**WORK INSTRUCTION:**
Would you repeat every entry below word for word but drop the images?

**EXERCISE DATA:**

§

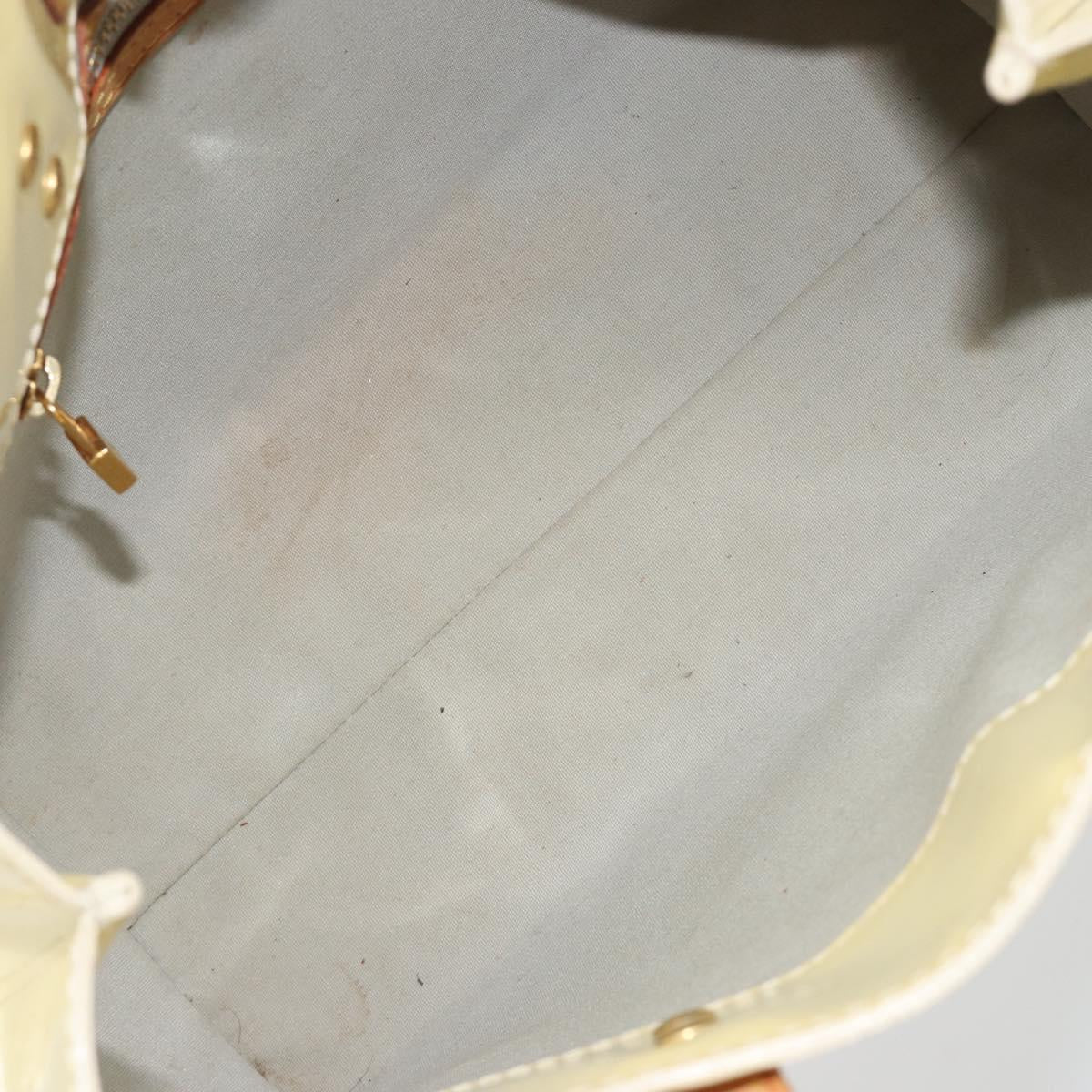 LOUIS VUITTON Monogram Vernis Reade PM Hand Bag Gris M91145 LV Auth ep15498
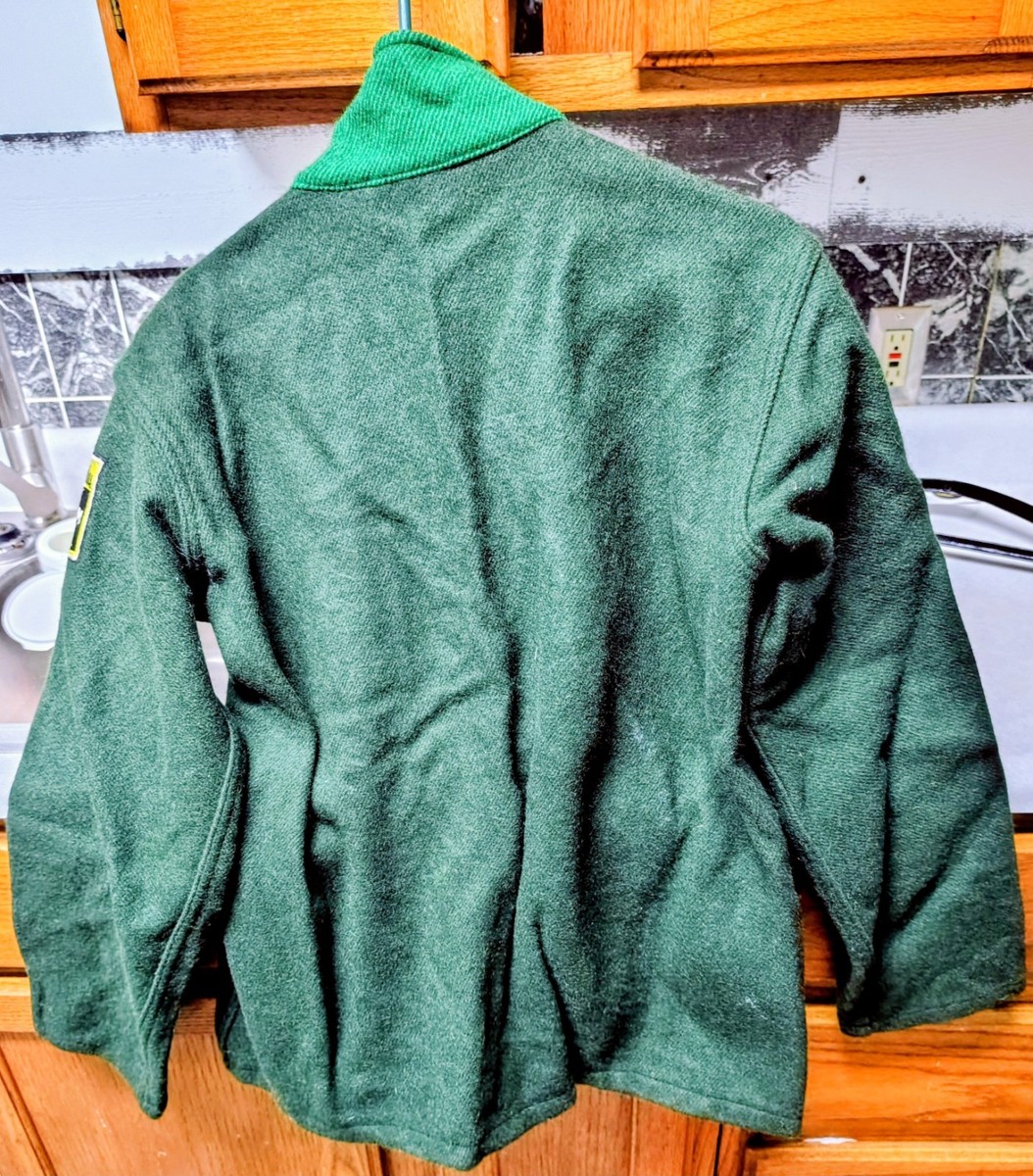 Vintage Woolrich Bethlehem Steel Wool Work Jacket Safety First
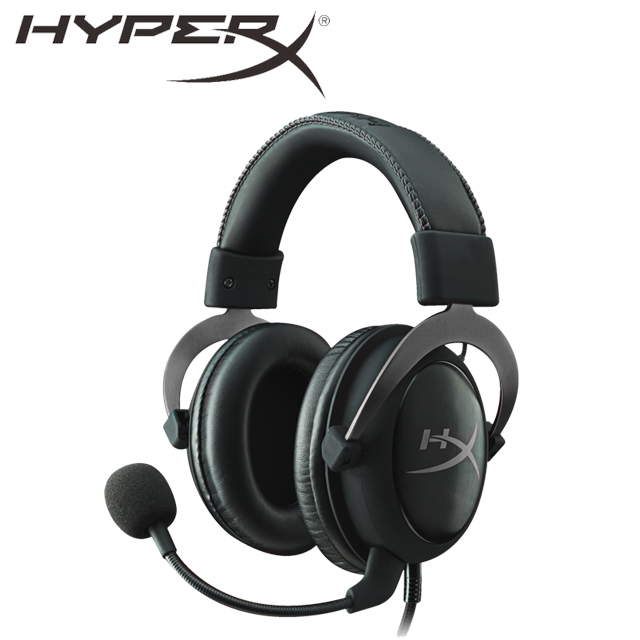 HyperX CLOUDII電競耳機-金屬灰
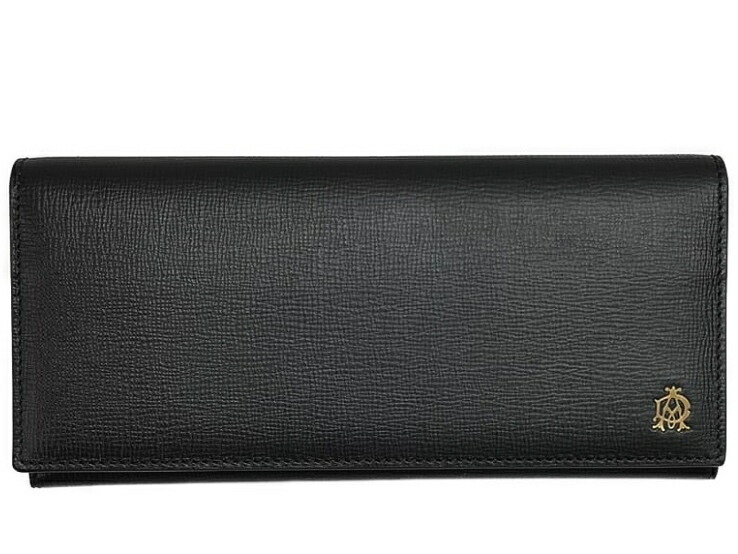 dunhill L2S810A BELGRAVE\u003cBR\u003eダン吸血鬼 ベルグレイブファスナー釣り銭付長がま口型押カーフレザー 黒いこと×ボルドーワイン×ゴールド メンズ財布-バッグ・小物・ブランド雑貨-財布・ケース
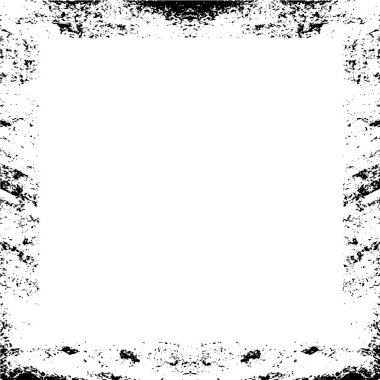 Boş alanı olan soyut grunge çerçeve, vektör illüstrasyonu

§

**RESPONSE TO THE EXERCISE:**
 LOUIS VUITTON Monogram Vernis Reade PM Hand Bag Gris M91145 LV Auth ep15498
 Vintage Woolrich Bethlehem Steel Wool Work Jacket Safety First
 HyperX CLOUDII電競耳機-金屬灰
 dunhill L2S810A BELGRAVE\u003cBR\u003eダン吸血鬼 ベルグレイブファスナー釣り銭付長がま口型押カーフレザー 黒いこと×ボルドーワイン×ゴールド メンズ財布-バッグ・小物・ブランド雑貨-財布・ケース
 Boş alanı olan soyut grunge çerçeve, vektör illüstrasyonu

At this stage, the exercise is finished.